Parameters:: x (torch.Tensor (batch, 1, time)) – input waveform.
Return type:: Scores and features

class speechbrain.lobes.models.HifiGAN.MultiScaleDiscriminator[source]

Bases: Module

HiFiGAN Multi-Scale Discriminator. Similar to MultiScaleMelganDiscriminator but specially tailored for HiFiGAN as in the paper.

forward(x)[source]

Parameters:: x (torch.Tensor (batch, 1, time)) – input waveform.
Return type:: Scores and features

class speechbrain.lobes.models.HifiGAN.HifiganDiscriminator[source]

Bases: Module

HiFiGAN discriminator wrapping MPD and MSD.

Example

>>> inp_tensor = torch.rand([4, 1, 8192])
>>> hifigan_discriminator = HifiganDiscriminator()
>>> scores, feats = hifigan_discriminator(inp_tensor)
>>> len(scores)
8
>>> len(feats)
8

forward(x)[source]

Returns list of list of features from each layer of each discriminator.

Parameters:: x (torch.Tensor) – input waveform.
Return type:: Features from each discriminator layer

speechbrain.lobes.models.HifiGAN.stft(x, n_fft, hop_length, win_length, window_fn='hann_window')[source]: computes the Fourier transform of short overlapping windows of the input

class speechbrain.lobes.models.HifiGAN.STFTLoss(n_fft, hop_length, win_length)[source]

Bases: Module

STFT loss.
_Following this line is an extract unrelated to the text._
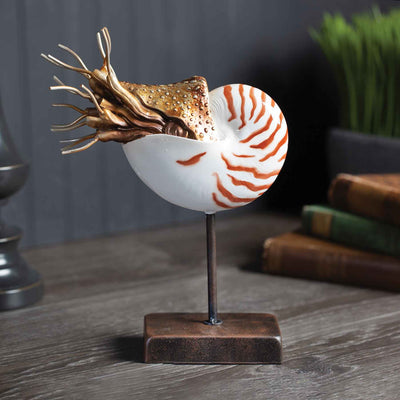 Small Nautilus - Creations and Collections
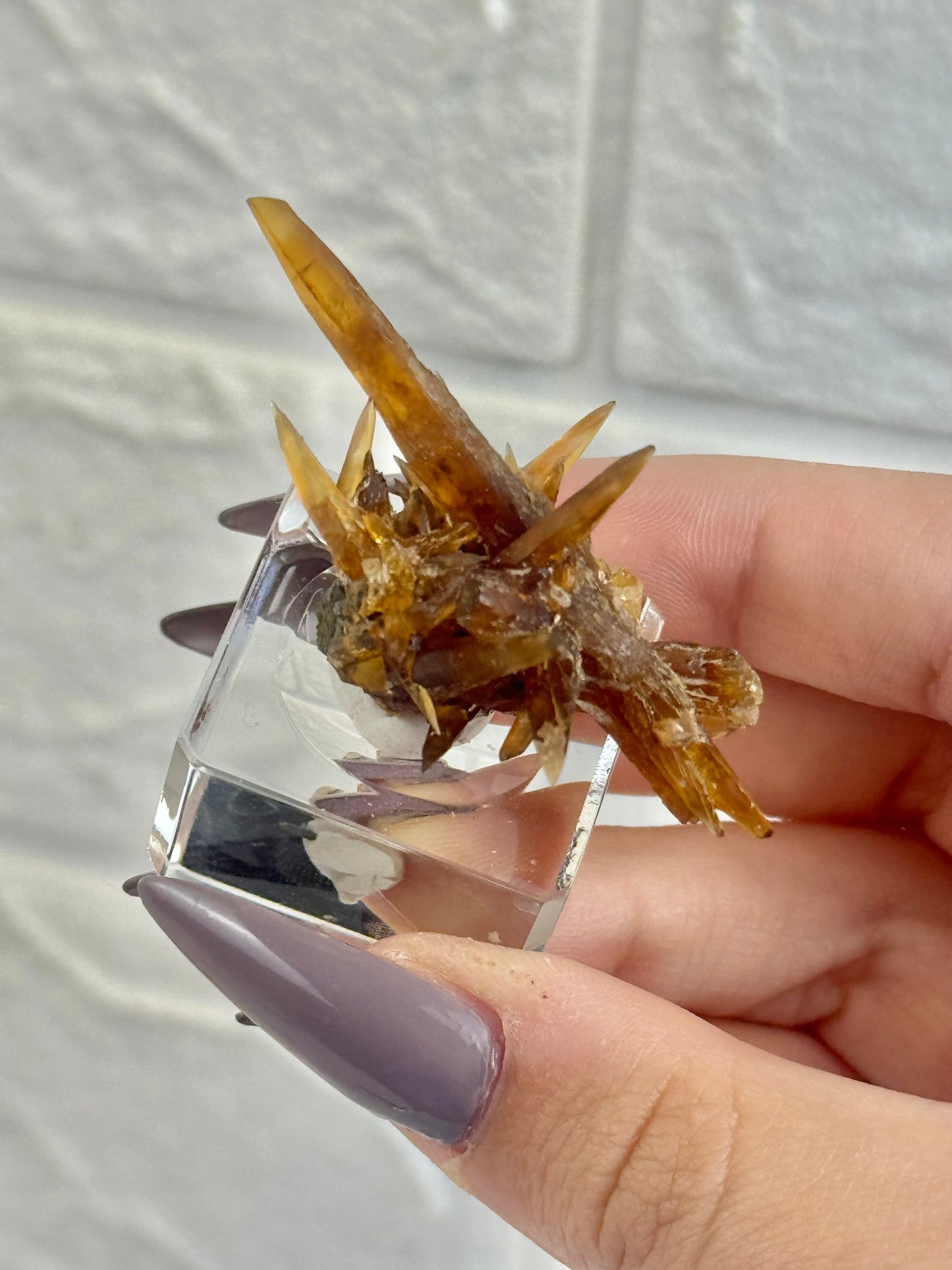 You pick! Amber calcite specimens from Vietnam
Input generate and real waveforms are converted to spectrograms compared with L1 and Spectral convergence losses. It is from ParallelWaveGAN paper https://arxiv.org/pdf/1910.11480.pdf

Parameters:

n_fft (int) – size of Fourier transform.
hop_length (int) – the distance between neighboring sliding window frames.
win_length (int) – the size of window frame and STFT filter.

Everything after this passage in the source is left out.